Argentina plans to hold talks with Panama, Brazil, Paraguay and Peru in the first quarter of 2017 to discuss growing flight frequencies. “There is a lot of demand, many countries are knocking on our doors,” says Irigoin.

Panama, in particular, has long yearned for more flight frequencies so its flag carrier Copa Airlines can grow. Copa wants to start Mendoza service but is not able to as it needs frequencies to free up under the existing bilateral agreement.

INSIDE-OUT REVIEW

While repairing bilateral relations is an important priority, Argentina’s ANAC is also reviewing long entrenched policies in its domestic market.

Among these is a fare band rule that restricts how much airlines can charge for domestic air tickets. After president Mauricio Macri took office late last year, Argentina removed the ceiling for the fare band, says Irigoin. However, the base of the fare band is still in place - a rule that could impede the growth of low-cost carriers.

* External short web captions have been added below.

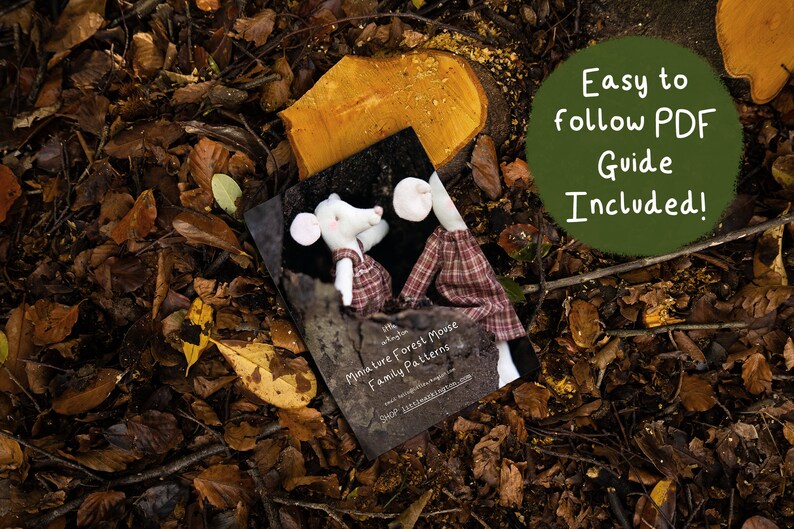 Puede incluir: Un folleto rectangular titulado Miniature Forest Mouse Family Patterns que muestra dos mu&ntilde;ecos de rat&oacute;n de tela blanca con ropa de cuadros rojos y marrones. Un gr&aacute;fico circular verde en la portada indica Easy to follow PDF Guide Included!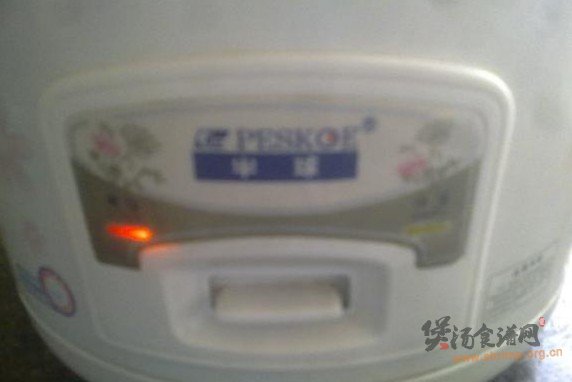 银耳枸杞养生粥的做法
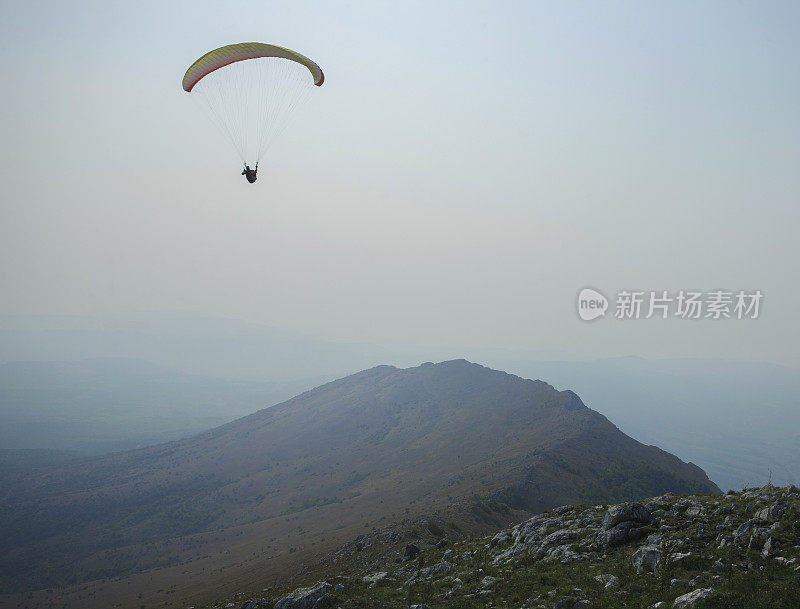 用滑翔伞飞越山顶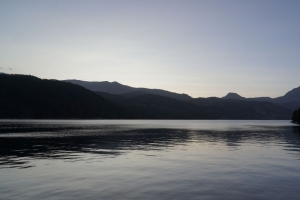 山脉 河流 波纹 树木 海岸 自然 静音 4k壁纸 3840x2160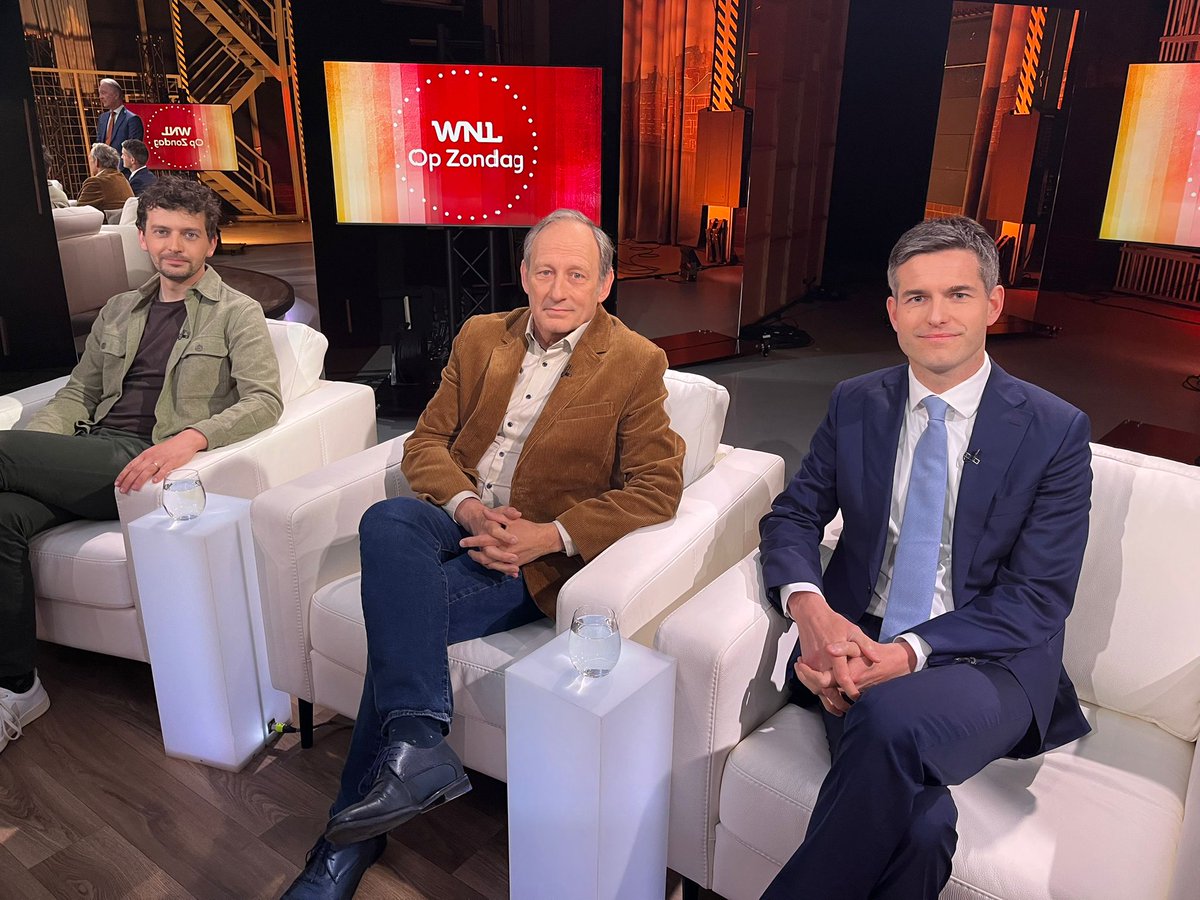 WNLOpZondag's tweet image. Nu in WNL Op Zondag: @ministerBZ Tom Berendsen over het Midden-Oosten, @ChristianneWal (@BOVAG) over de auto als melkkoe, trendwatcher @faridtabarki over reusachtige bouwwerken in China en Mart de Kruif en Tijmen Dokter over militaire geschiedenis.

Nu live op NPO 1. #WNL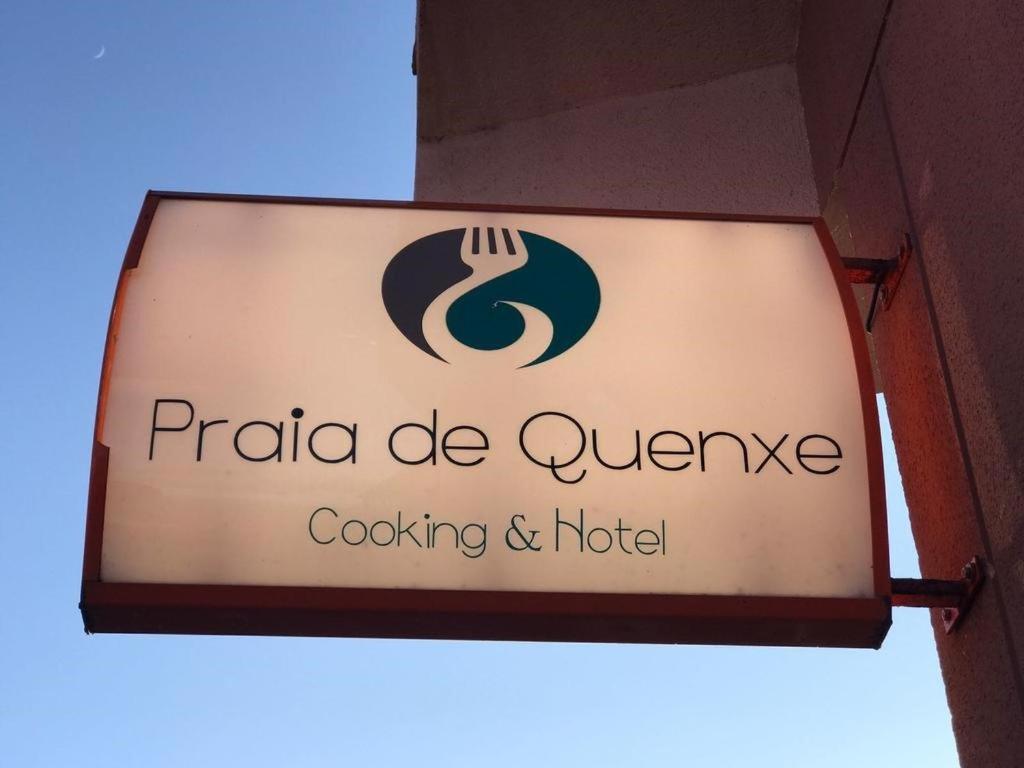 Hotel Corcubion Playa De Quenxe 外观 照片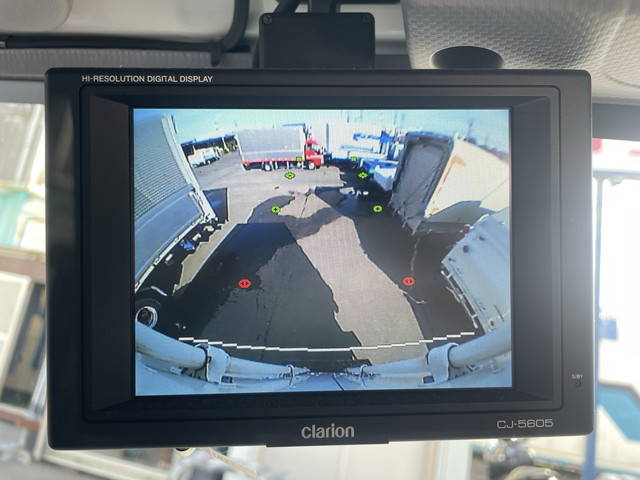 いすゞエルフ冷凍車（冷蔵車）小型（2t・3t）[写真38]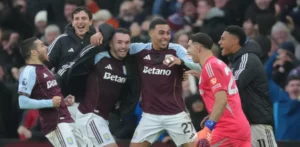 Aston Villa sorprenda al Arsenal, Man City reduce la diferencia en la cima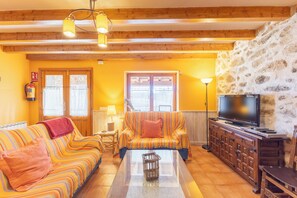 TV, fireplace, DVD player - Country House 'Casa Del Tio Primitivo' with Mountain View, Private Terrace and Wi-Fi (Navarredonda De Gredos)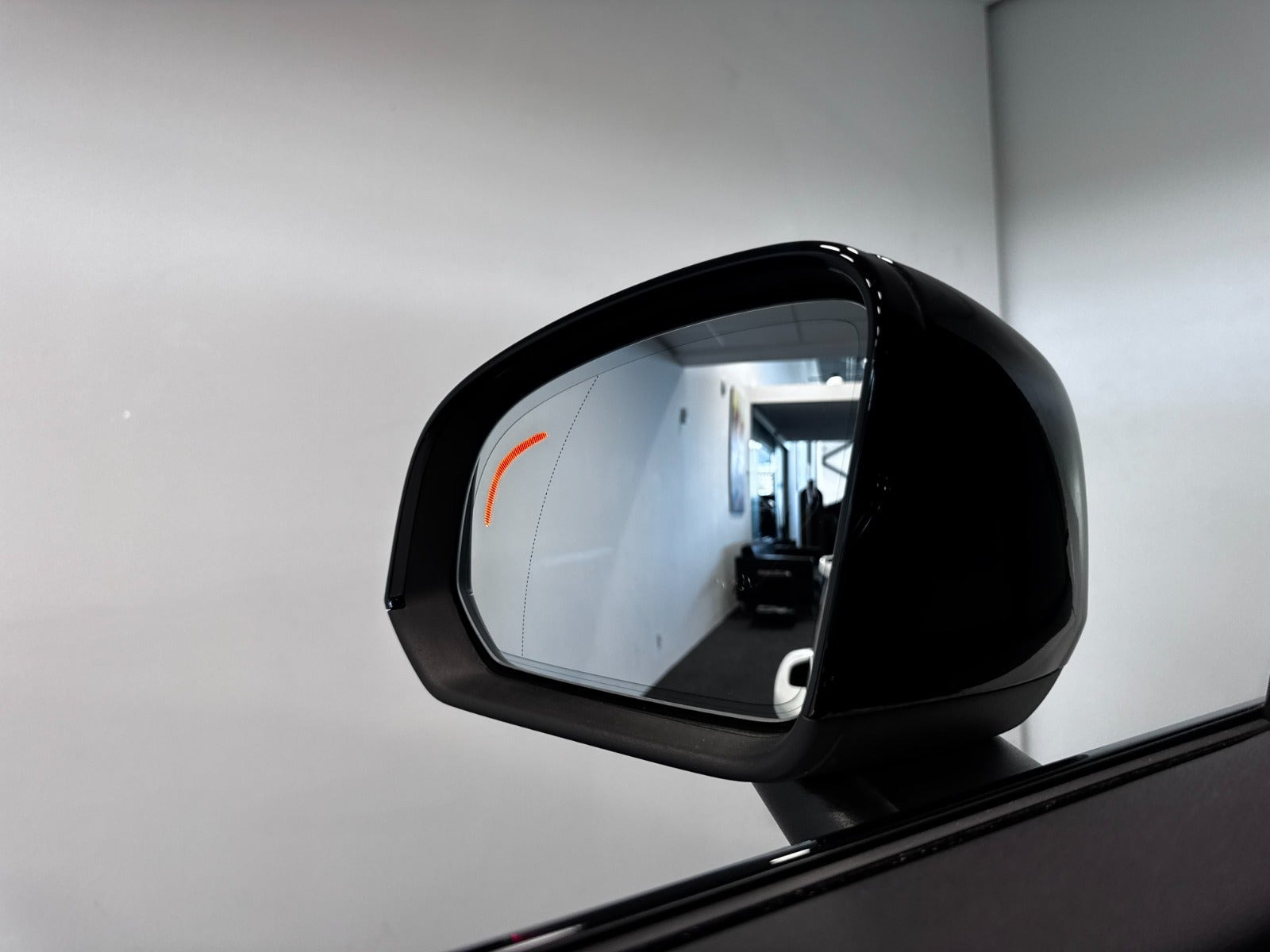 Hvid Volvo XC40 fra 2023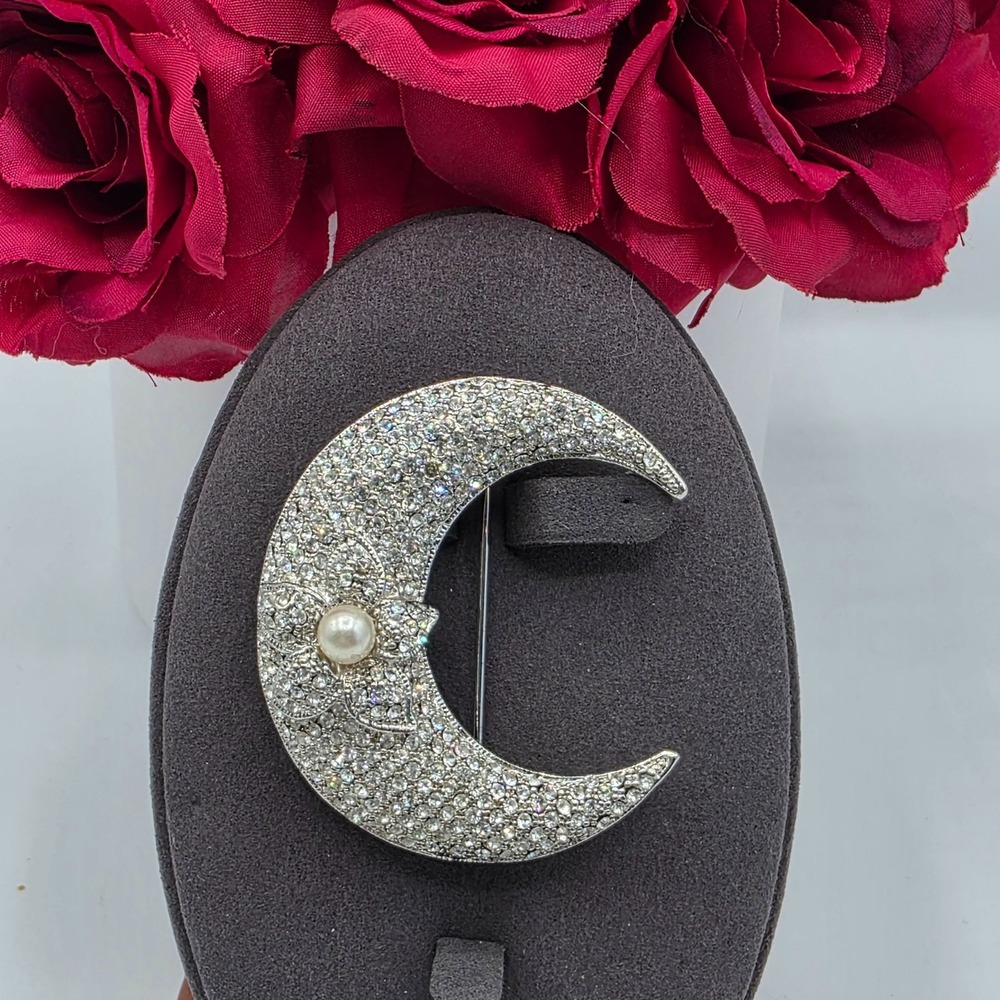Sparkling Moon Celestial Brooch Rhinestone Pearl Inlaid Star‎ Accent Silver Tone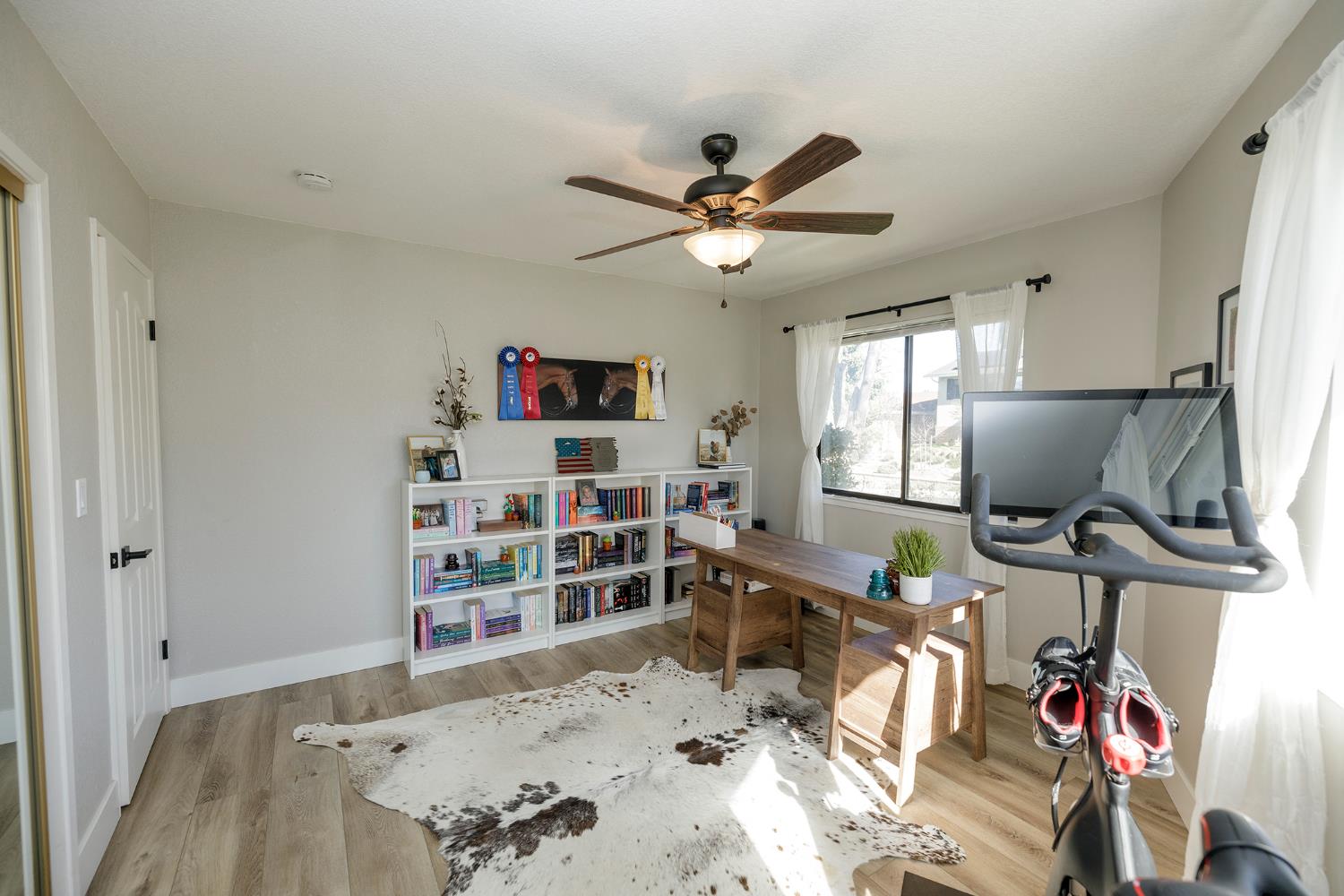 884 Hillswood Ct, Oakdale, CA 95361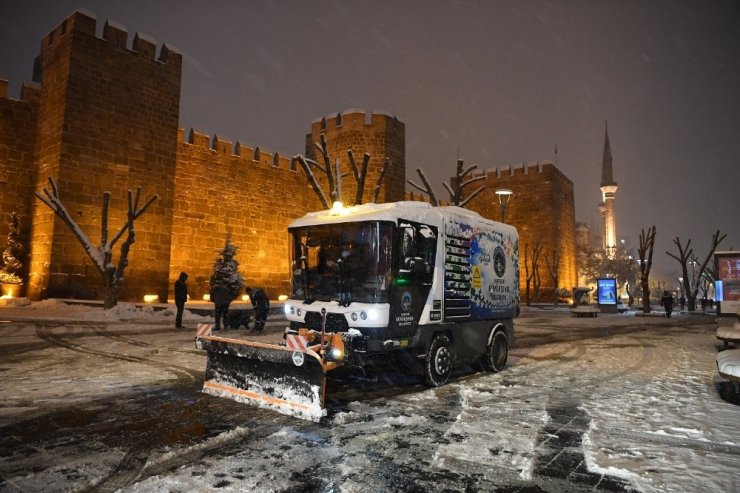 Kayseri’de 218 mahalle yolu ulaşıma açıldı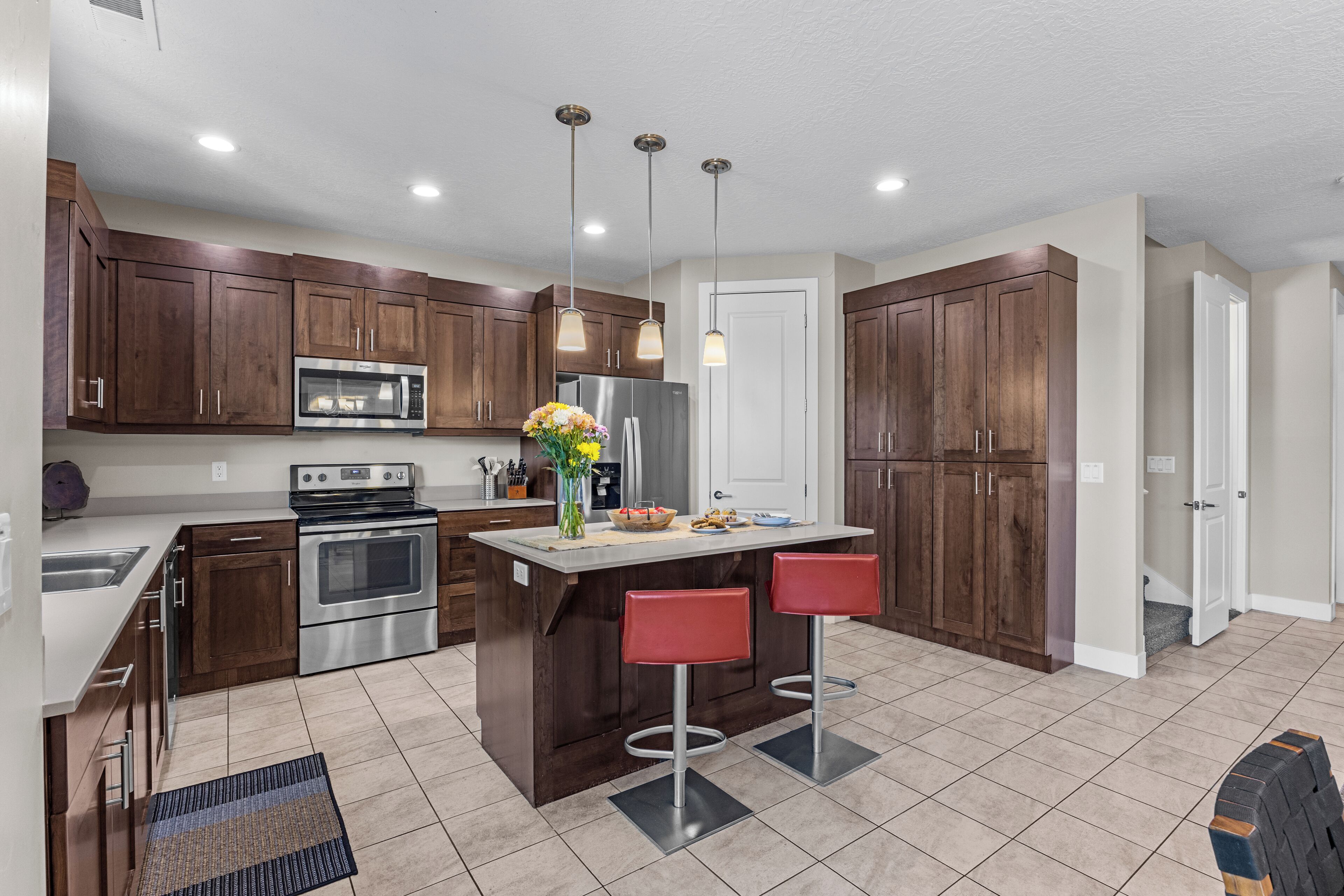 Family House, Mountain View | Private kitchen | Full-size fridge, microwave, oven, stovetop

Irigoin explains that the base fare limit was first put in place to protect ground transportation operators, but believes that the limit will be eliminated in 2017.

“At some point, we will remove it,” he says. “It should happen in 2017.”

Civil aviation authorities are also relooking how airports in the country are operated. More than 30 airports, including Buenos Aires Ezeiza, are operated by the same concessionaire, Aeropuertos Argentina 2000.

Argentina has announced a more than $1 billion investment to modernise the country’s airports, but Irigoin indicates that more could be done to improve the competitiveness of Argentina’s airports. For example, he says airport fees in the country are currently too high.

“We need to review everything,” he says, underlining the need for a wide-ranging examination of the country’s aviation industry.

“It is not possible to change everything in one shot,” acknowledges Irigoin. “But we are in a gradual process of trying to put in order something that was in total disorder.”